Such an organizational host should not, however, be closely affiliated
with one or the other communities of image retrieval researchers. This
might jeopardize the "bridging" goal.
An example of how foundation
support can coalesce a community can be found in the area of music
retrieval. J. Stephen Downie is leading an initiative to establish
a music information/music digital library evaluation framework (music-ir.org).

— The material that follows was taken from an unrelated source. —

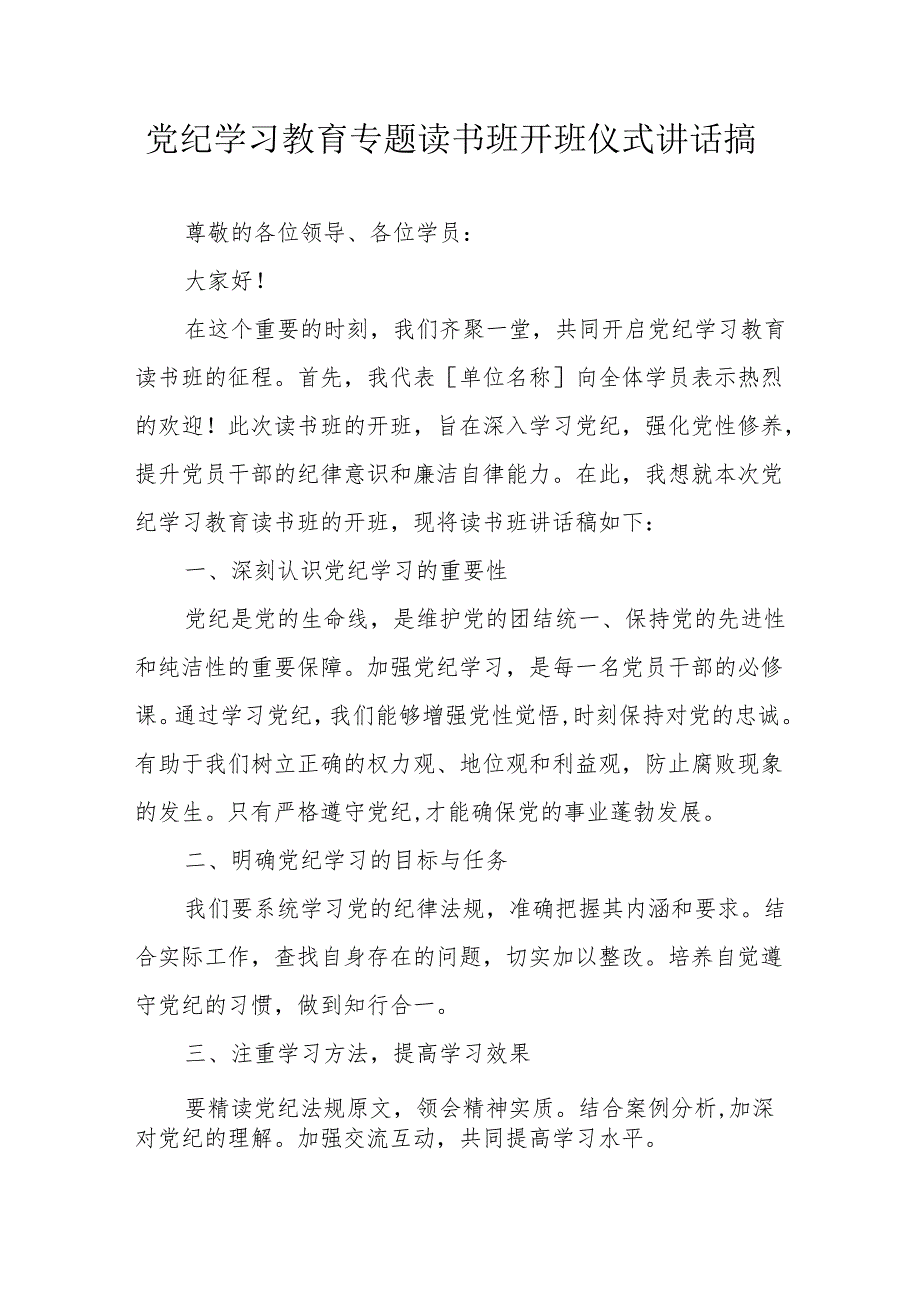 2024年燃气公司《党纪学习教育》专题读书班开班仪式讲话搞.docx_第1页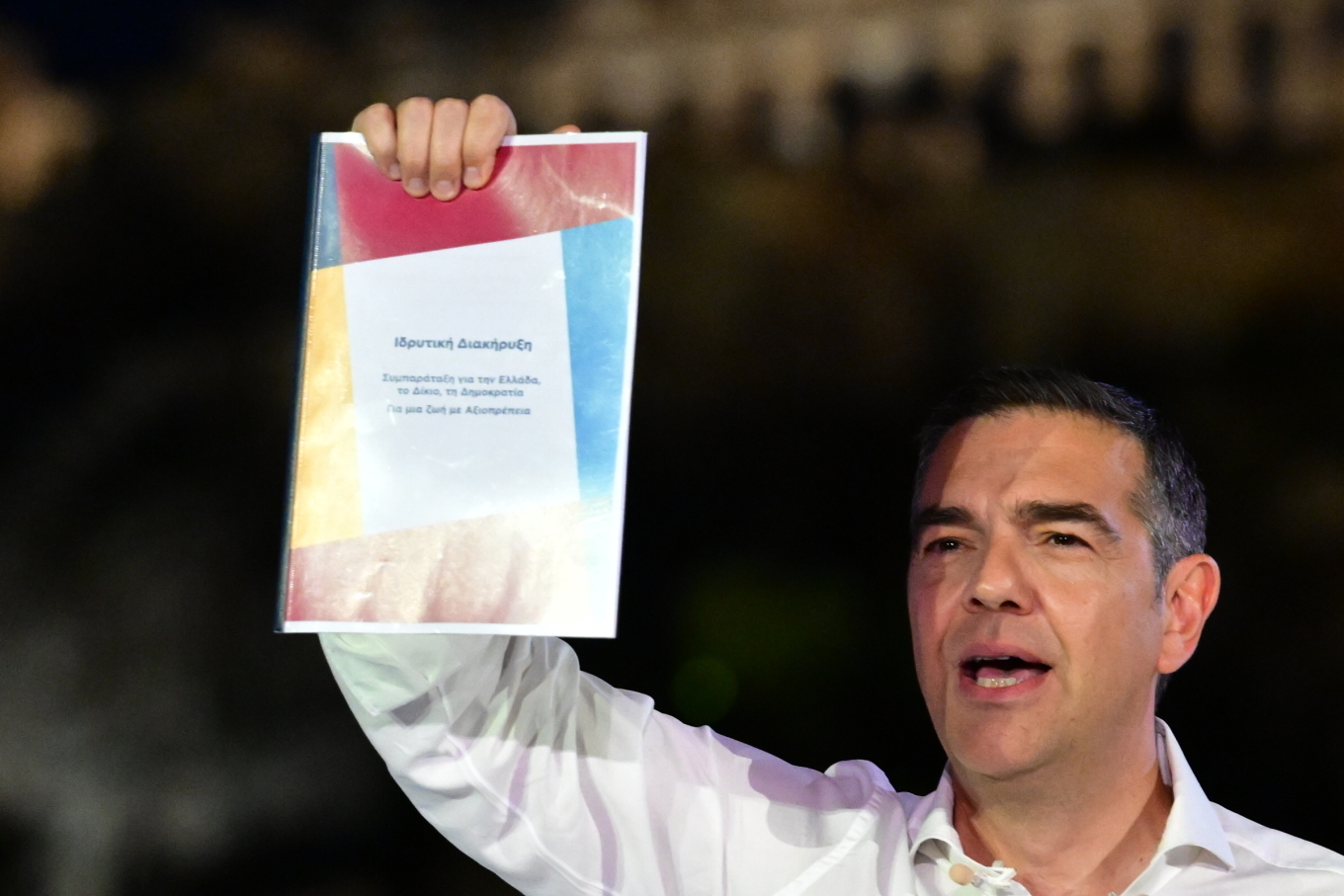 Αλέξης Τσίπρας: Οι επτά δεσμεύσεις του «ΕΛ.Α.Σ.» και η «Δημοκρατία της καθημερινότητας» που ανακοίνωσε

Using community consultation methods, Downie has built a consensus
around music retrieval problems and possible methods to move that
particular information retrieval community forward. White papers
have been solicited from stakeholders, and several discussions and
workshops held at music information retrieval conferences (JCDL 02
and ISMIR 02, SIG-IR 03, documented in Downie 2003c). Having garnered
significant support from the NSF and The Andrew W. Mellon Foundation,
those involved are moving toward the creation of an International
Music Information Retrieval System Evaluation Laboratory (IMIRSEL)
at the University of Illinois at Urbana-Champaign (Downie 2003b).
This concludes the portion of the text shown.